Lisa Grekul was surprised when Kalyna’s Song (Coteau Books, $19.95) was nominated for the Books in Canada First Novel award. Published by a small prairie press, the novel received little publicity when it was released last fall.

“It’s nice to be on the shortlist,” she tells me at a café near her Kitsilano apartment in Vancouver. “The winning is very irrelevant to me with such a little book.” Humility seems to come naturally to Grekul, who started writing this novel in the late 1990s without ever expecting it to be published.

She may be humble, saying in one breath, “I wonder what [the contest judge W.P.] Kinsella was thinking,” but that doesn’t get in the way of her sense of humour: “I was going to offer him my first-born to thank him, but I think it’s inappropriate at this point to contact him.”

Grekul grew up in the predominantly Ukrainian-Canadian town of St.Paul, Alberta, almost two hundred kilometres northeast of Edmonton. Coincidentally, this is the same hometown of her novel’s central character, Colleen Lutzak. There are other similarities between Colleen and her creator as well. Colleen is a gifted pianist; so is Grekul, though she says her protagonist is more of a prodigy than she ever was. Colleen spends a year studying at an international college in Swaziland right around the time of the end of the Apartheid regime in South Africa; Grekul spent two years there, and witnessed the celebrations of February, 1990, when Nelson Mandela was released from prison.

When I point out these similarities, Grekul laughs and asks, “Is this a thinly veiled question about the autobiographical elements of the book?”

She acknowledges the “seriously hard-to-dispute” autobiographical aspects of Kalyna’s Song, and admits, “I actually think that I work best from real life. Sometimes I’m a bit ashamed of that because I think it means I have no imagination.” There’s that humility again, but then she allows, “It’s not just writing exactly what I’ve seen—it’s being able to twist it and embellish it and turn it into a comic or dark moment, do something with it because real life is not that interesting.”

First novels are often autobiographical to some degree.

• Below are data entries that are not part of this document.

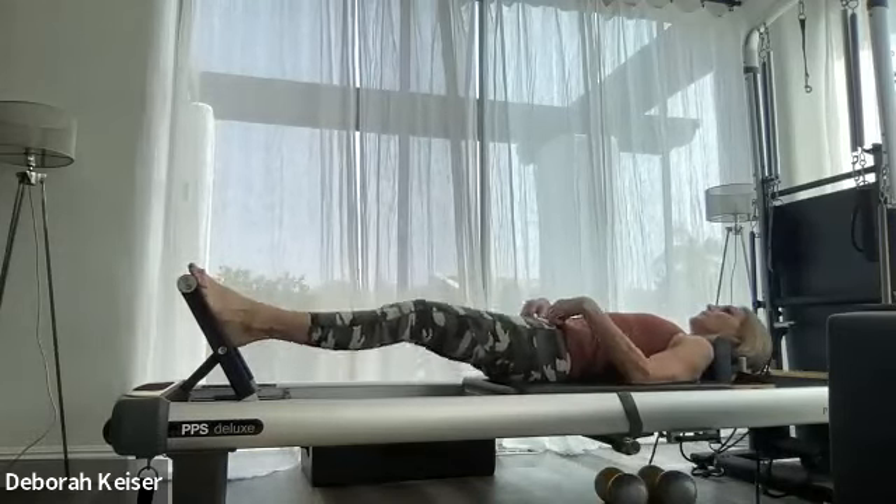Lift — lift that knee off the carriage. And the same thing: open and lift through the sternum, shoulders down, push back, belly lifts, pelvic belly tucks. And back. One more. Hold that lunge. Pull up in the jackknife, slow down. Pull up in the jackknife. Do three more.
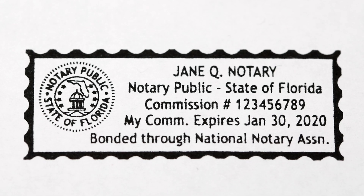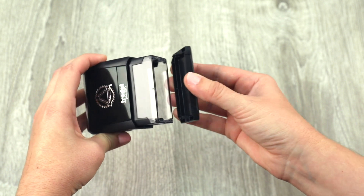If your stamp includes a cover, remember to put it back on to keep your stamp clean longer.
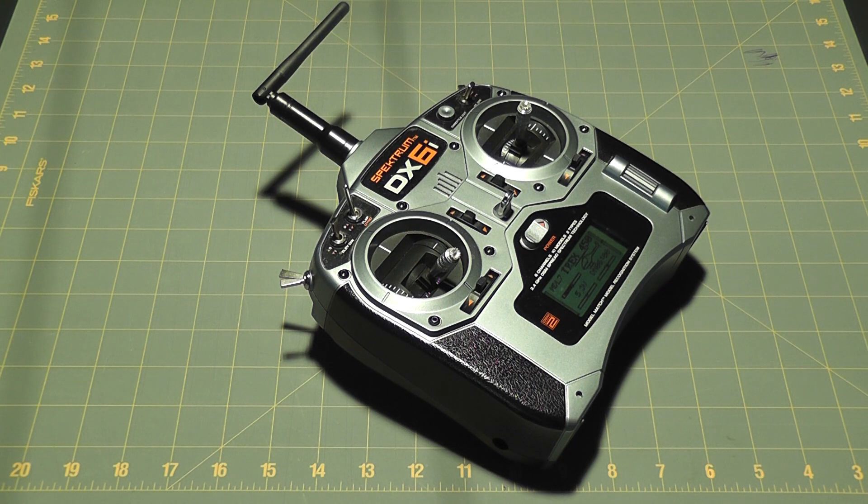On Stunt throttle curve I have 100, 90, 85, 90, and 100 — I call that a V curve. For my pitch curves: Normal is at 40, 45, 50, 75, and 100; and Stunt I'm using a linear at zero, 25, 50, 75, and 100. For the swash mix I have aileron at plus 80, elevator at plus 80, and pitch at minus 60.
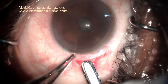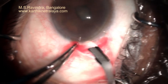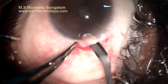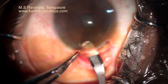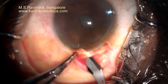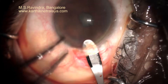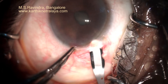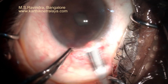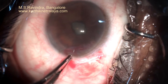A 6 mm sclerocorneal tunnel is made in the upper temporal quadrant of the left eye. I had operated the right eye a few days ago and the patient is extremely happy, just to comfort the other eye. The tunnel is made at mid-level; the measurements are about 2.5 mm in the radial direction and about 6 mm in the circumferential direction.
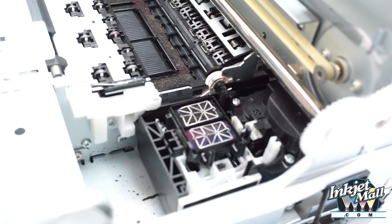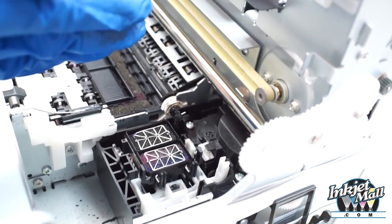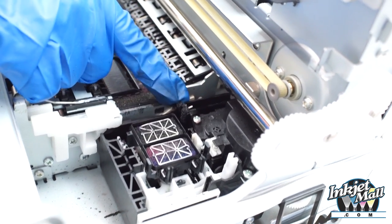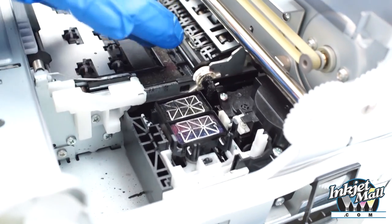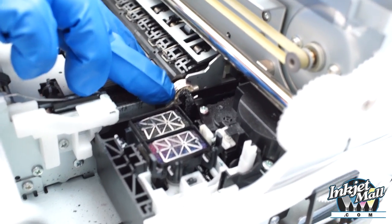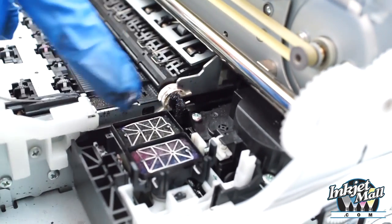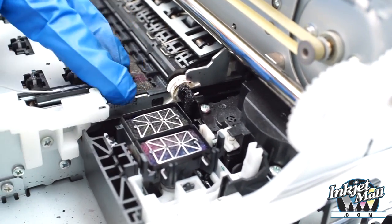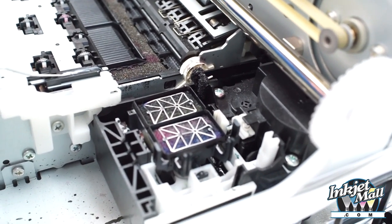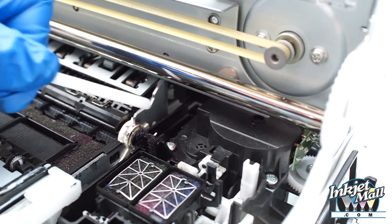I want to make sure the wiper blade is straight. There should be a slight curve to the top that's facing towards the capping station. If the wiper blade is bent or warped at all, it's not going to have good contact with the bottom of the head and it won't be effective. This whole cleaning area — the cap pump assembly — should be replaced every few years because it wears out.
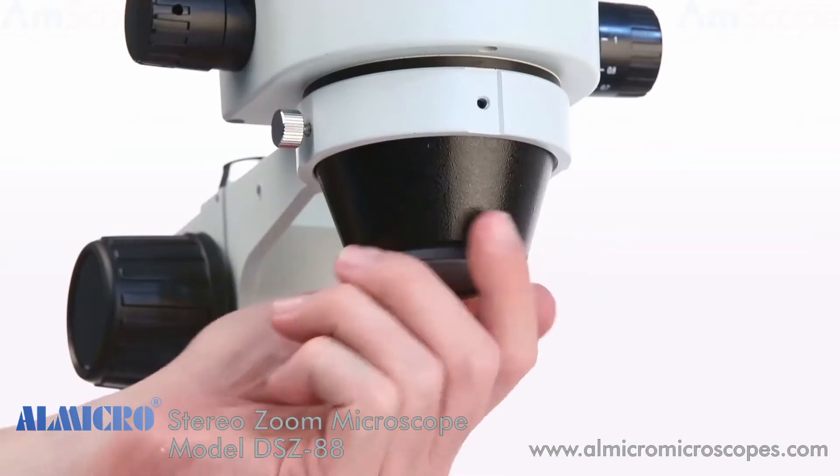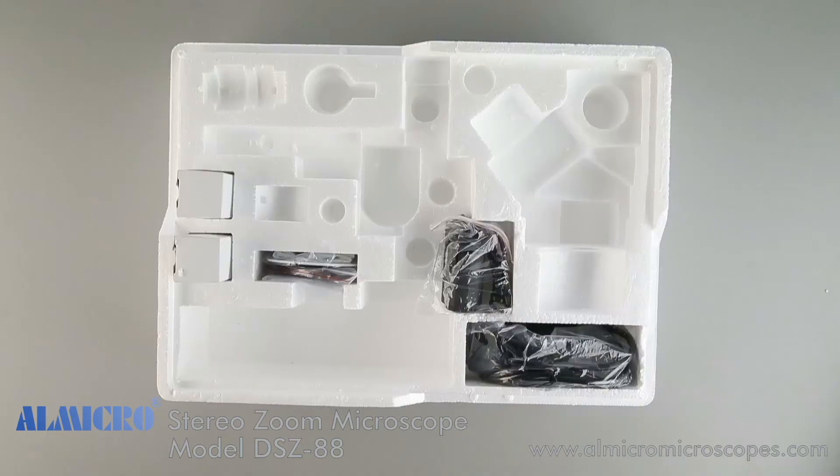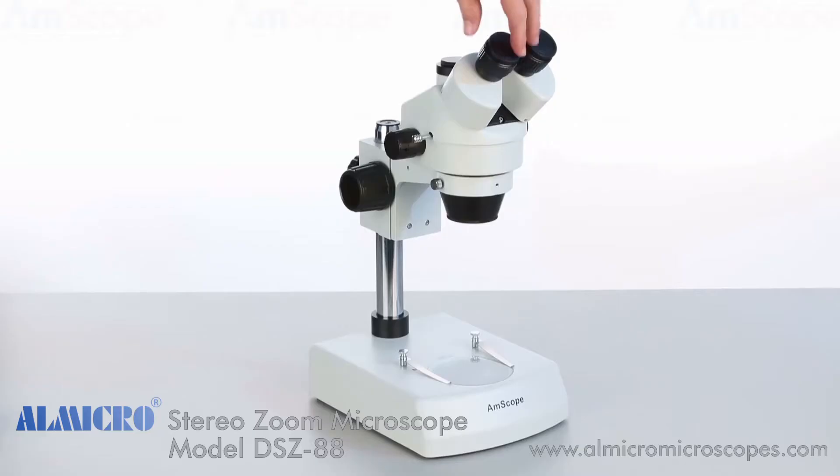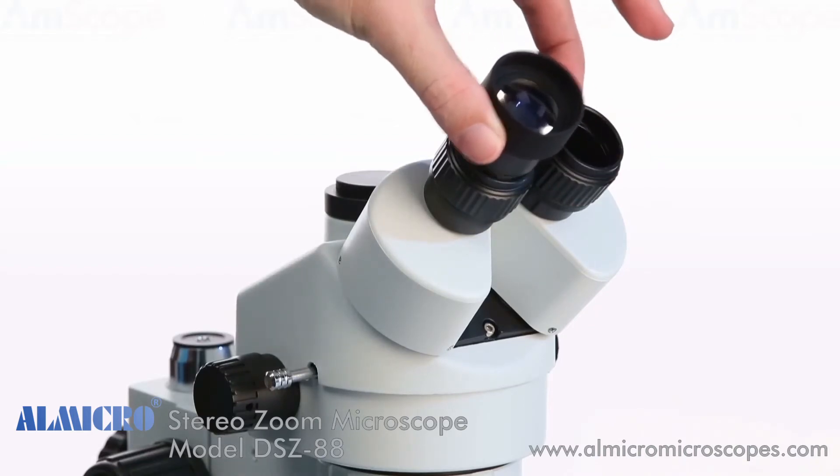Next we'll unscrew the lens cap to reveal the lenses. Now we'll move on to the eyepieces. Start by removing the dust caps on the eyepiece ports, then slip in each eyepiece.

Many authors need to hold on to safe touchstones from their own experiences before they can venture into completely fictional territory. For Lisa Grekul, safety lay within the realm of family, though she also acknowledges that she worried about how her family would react to the book.

“I think I was able to write it mainly because I never thought it would get published. I thought no one is ever going to read this. The anxiety level increased the closer we got to publication.”

Colleen’s family in the book is similar to Grekul’s in real life. Both parents are teachers, and Colleen has an older sister and younger brother. “It’s a relatively kind portrayal of the immediate family,” Grekul says. “The extended family I was a little nervous about, but I thought they’re not going to read it.” Add naïveté to humility, perhaps, because of course, all of her extended family read the book, along with much of St.Paul.

“Yeah, they read it all right,” she laughs, and then relates a story about a reading from Kalyna’s Song she did shortly after the book came out. While she was reading from the Christmas dinner scene where Colleen and her sister criticize their aunt’s cabbage rolls, one of Grekul’s aunts in attendance stood up and interrupted her. “I never burnt my cabbage rolls,” she proclaimed. “Just for the record, I want everybody here to know I never burnt my cabbage rolls.”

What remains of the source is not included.